Alors regardons sous notre matelas pour voir comment améliorer notre sommeil et bien dormir !

Les Français, leur sommeil et leur matelas…

En s’appuyant sur les mouvements enregistrés au cours du sommeil, il a été démontré que changer de literie améliore la qualité du sommeil : le passage d’une ancienne à une nouvelle literie ne s’accompagne pas d’une augmentation de la durée de sommeil, mais d’une meilleure qualité du sommeil : nuit plus paisible, moins de difficultés à se réveiller le matin et un niveau d’activité plus intense et énergique dans la journée.

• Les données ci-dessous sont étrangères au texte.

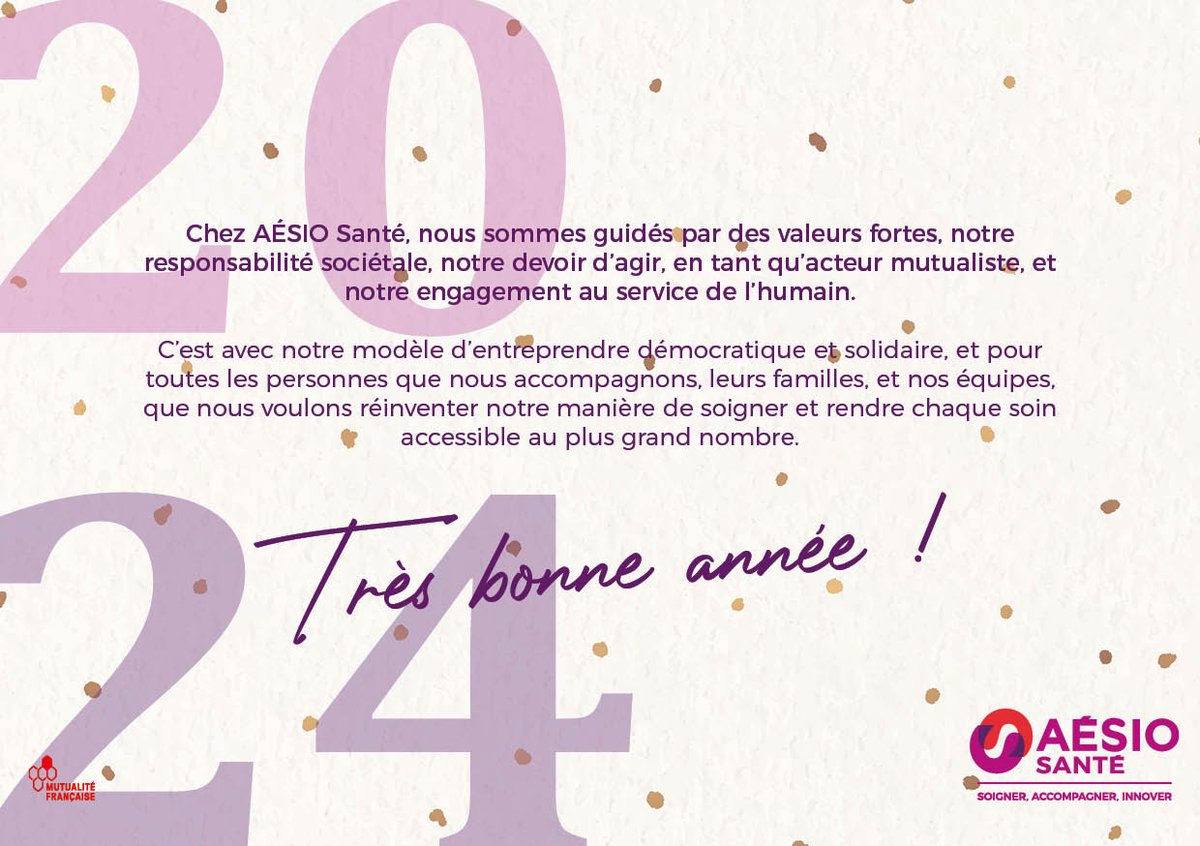 AesioSante's tweet image. L’ensemble du Groupe @AesioSante vous adresse ses meilleurs vœux. En 2024, nous poursuivons notre engagement démocratique et solidaire pour rendre chaque soin accessible à tous. Ensemble, continuons à construire un monde où la santé et la responsabilité sociale vont de pair.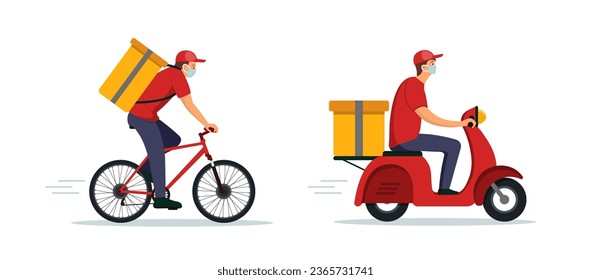 Boy on bike or motorcycle deliver food or an order to address. Courier work. Cyclist ride with bag on bicycle and scooter. Fast, express delivery concept. vector illustration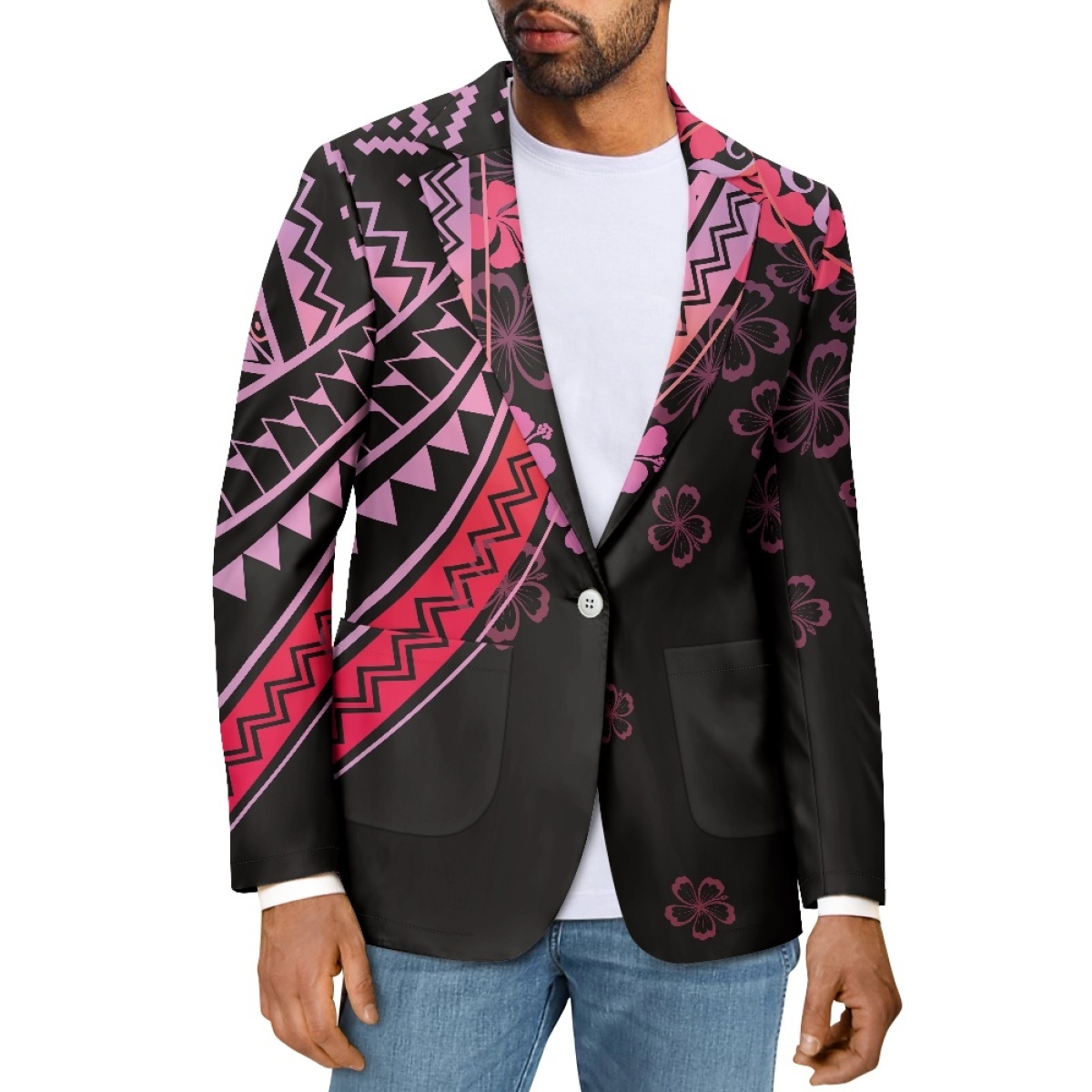 High Quality Custom Made Polynesia Tribal Print Loose Slim Fit Men's Suits Blazer Print On Demand Men's Jacket Suit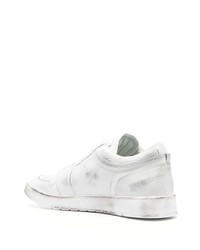 Мужские белые кожаные низкие кеды от MIKE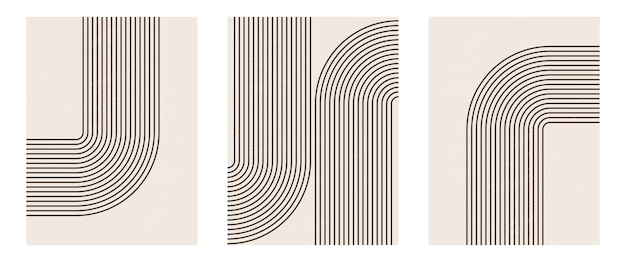 Set di stampe d'arte moderna e minimalista con sfondo estetico contemporaneo organico astratto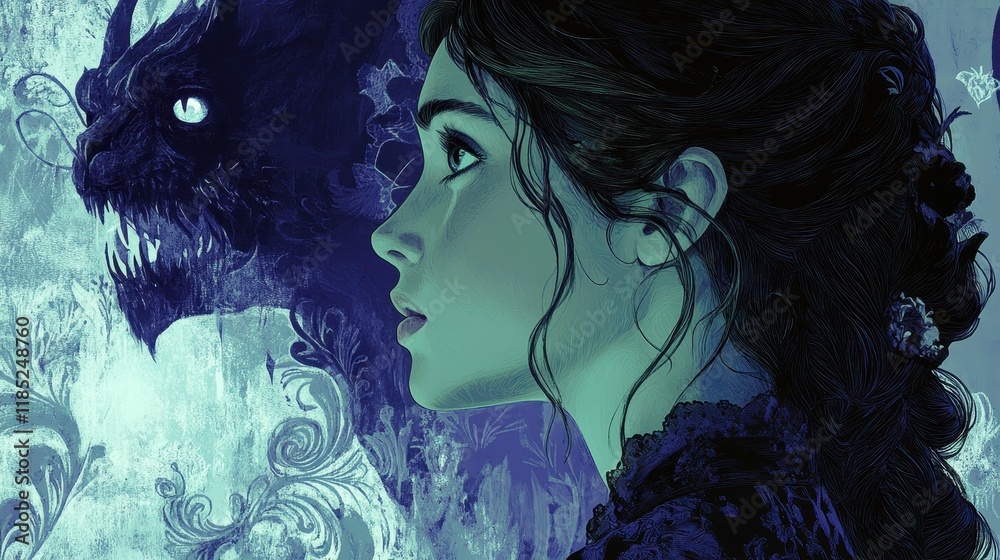Fototapeta premium A young woman's profile viewed with a hauntingly ethereal shadow, embodying a mysterious atmosphere that blurs the line between fantasy and reality.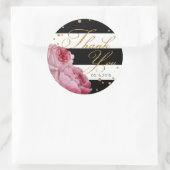 Sticker Rond Rose Parties scintillant Confetti Stripe Moderne F (Sac)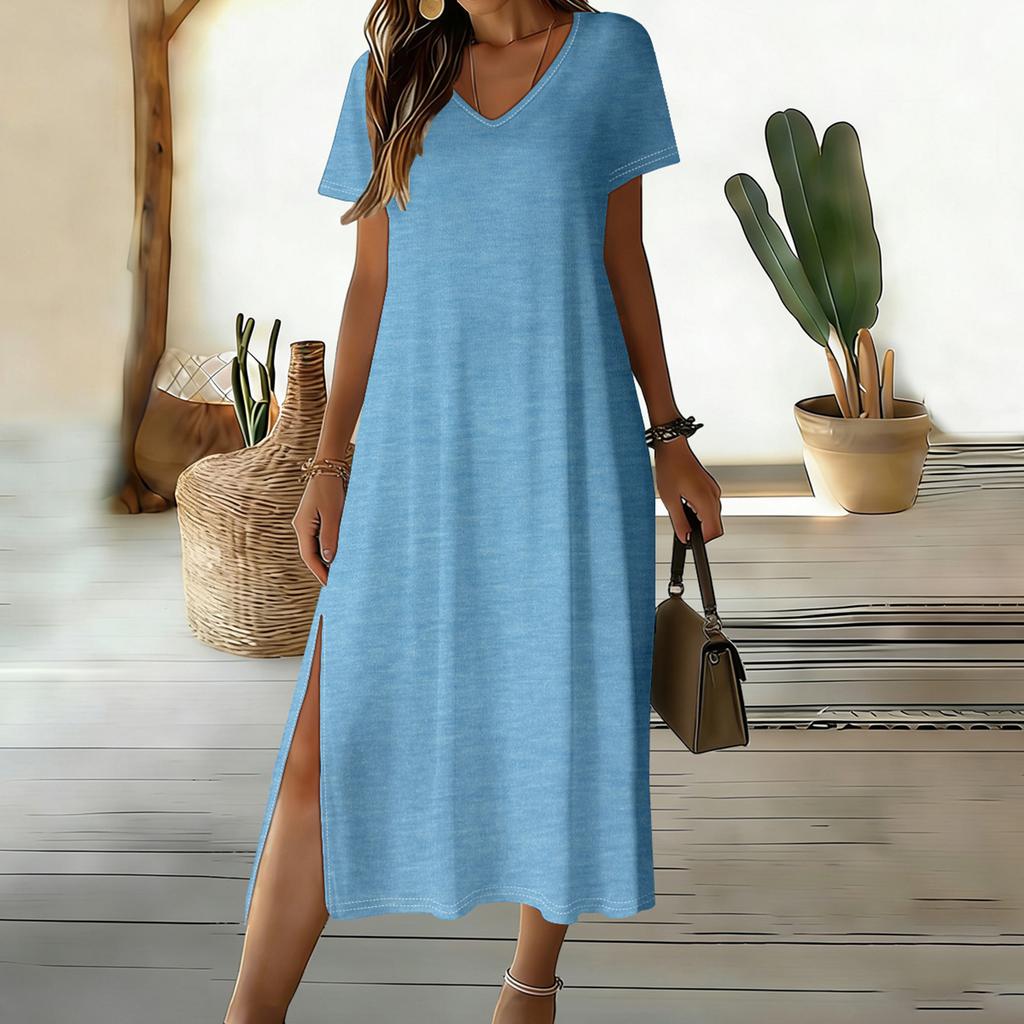 Damen Casual Lockerer V-Ausschnitt Kurzarm Rock Mit Schlitz Am Saum Und Mittellangem Design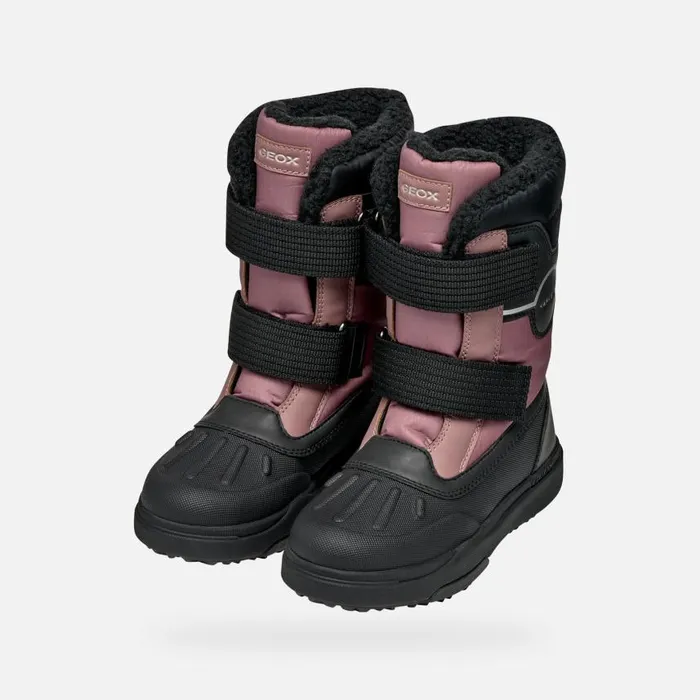 Kids Geox Ankle Boots BUNSHEE PG ABX JUNIOR Dark RoseBlack Mid Calf Boots Dark Roseblack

Reste à savoir avec quelle régularité on doit changer son matelas, comment bien choisir sa literie et comment entretenir son matelas ? 

Changez de matelas tous les 10 ans !
Une literie ça s’use, et 10 ans, c’est une durée de vie maximale pour un matelas et un sommier. À vous de juger : 10 ans, c’est 30.000 heures d’utilisation et 150.000 mouvements (à raison de 40 mouvements par nuit). 

Comment choisir sa literie ?

  • Il est recommandé de changer en même temps matelas et literie et de les choisir de la même marque afin d’optimiser le confort de l’ensemble.

  • Le sommier doit être ferme, ni creux, ni bombé pour ne pas déformer le matelas et favoriser la ventilation du matelas et donc l’hygiène de la literie.
  • Concernant le matelas, à vous de choisir la technologie selon vos besoins et vos préférences (type de maintien notamment) : latex, mousse de polyuréthane, ressorts.

  • La bonne taille pour deux : 160 x 200 cm, voire 180 X 200 cm.

  • Deux couchages indépendants : en cas d’écart de poids important ou si l’un des dormeurs a le sommeil agité.

  • En cas d’allergie : choisissez un matelas avec garnissages ou coutils traités antibactériens, anti-acariens et anti-fongiques.
    Et utilisez un protège-matelas et un oreiller anallergique.

  • Votre oreiller doit permettre que votre tête et votre cou soient dans le même prolongement.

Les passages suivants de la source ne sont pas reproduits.